The move will excise only the worst ad offenders, including those that consume more than 4 megabytes of network data and those that occupy the browser's main computing process for more than 60 seconds total or for 15 seconds of any 30-second period, Google said. Offenders will be replaced by a notice that says "ad removed." One type of ad that should be hit are those that use your computing hardware to mine cryptocurrency, Google said.

Google's new ad intervention reflects a growing effort by browser makers to override website instructions and to try to fix problems that can degrade the web. Brave blocks ads by default, Vivaldi now offers ad blocking as an option, and Apple Safari, Microsoft Edge and Mozilla take various measures to block ads from tracking you online and infringe privacy.
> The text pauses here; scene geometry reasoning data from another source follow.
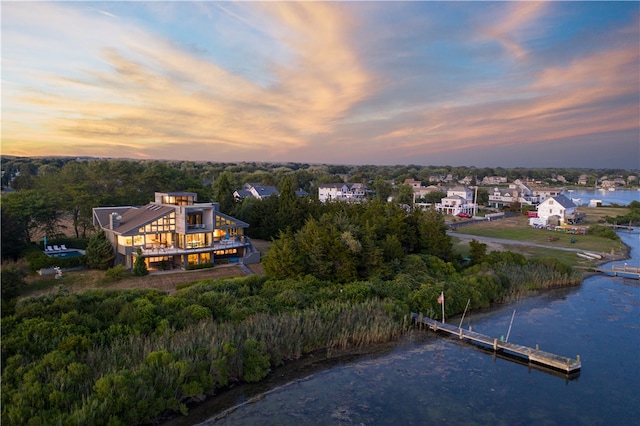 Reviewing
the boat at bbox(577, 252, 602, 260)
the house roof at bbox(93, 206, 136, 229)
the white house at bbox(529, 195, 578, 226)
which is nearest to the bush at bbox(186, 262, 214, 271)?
the house roof at bbox(93, 206, 136, 229)

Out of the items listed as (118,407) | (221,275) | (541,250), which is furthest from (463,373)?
(541,250)

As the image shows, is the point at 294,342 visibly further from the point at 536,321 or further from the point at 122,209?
the point at 122,209

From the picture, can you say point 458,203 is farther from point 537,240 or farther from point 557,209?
point 537,240

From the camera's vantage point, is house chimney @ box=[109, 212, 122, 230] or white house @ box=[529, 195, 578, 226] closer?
house chimney @ box=[109, 212, 122, 230]

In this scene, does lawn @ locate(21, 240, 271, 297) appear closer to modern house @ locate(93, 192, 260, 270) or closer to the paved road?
modern house @ locate(93, 192, 260, 270)

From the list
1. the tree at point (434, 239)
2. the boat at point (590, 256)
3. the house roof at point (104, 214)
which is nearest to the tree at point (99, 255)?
the house roof at point (104, 214)

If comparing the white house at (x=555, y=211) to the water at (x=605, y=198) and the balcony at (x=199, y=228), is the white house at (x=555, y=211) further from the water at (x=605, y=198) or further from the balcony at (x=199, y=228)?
the balcony at (x=199, y=228) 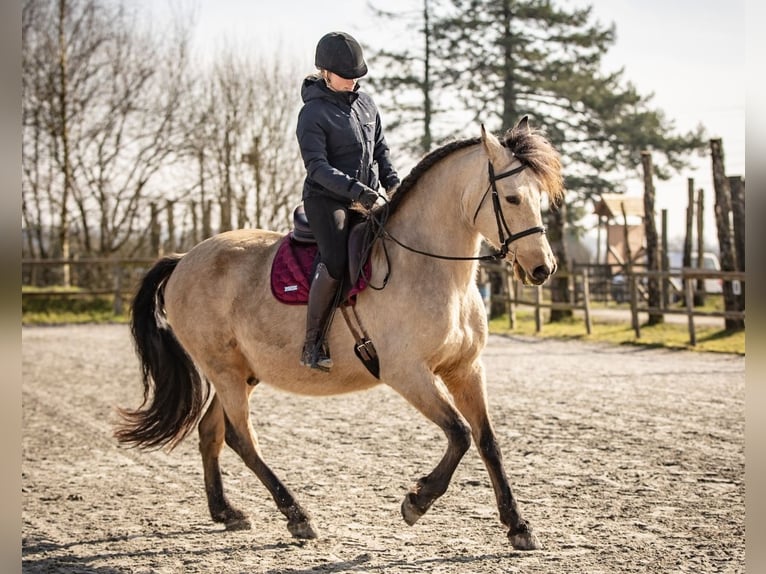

Advertisers may not be happy with the changes, but many of us are taking even more aggressive actions than what browsers do by default. Ad blockers are increasingly common, now on mobile devices as well as personal computers. Other extensions block ad tracking, too.

The action will target ads Google discovered are the worst offenders in exceeding Google's limits. "While only 0.3% of ads exceed this threshold today, they account for 27% of network data used by ads and 28% of all ad CPU usage," Marshall Vale, a Chrome program manager, said in a blog post.

Tools to test ads

Google offers a "heavy ad" test site so advertisers can check if their ads will work. The company also published instructions on tweaking Chrome to block the heavyweight ads now.

Google, which relies on online ads for the bulk of its revenue, said in 2016 that Chrome wouldn't block ads. But it had a change of heart and in 2018 started blocking ads on websites that ran too many ads in the judgment of Google and an allied industry effort, the Coalition for Better Ads

Microsoft's new Edge browser, based on the same Google Chromium project Chrome uses, also has moved to block intrusive ads.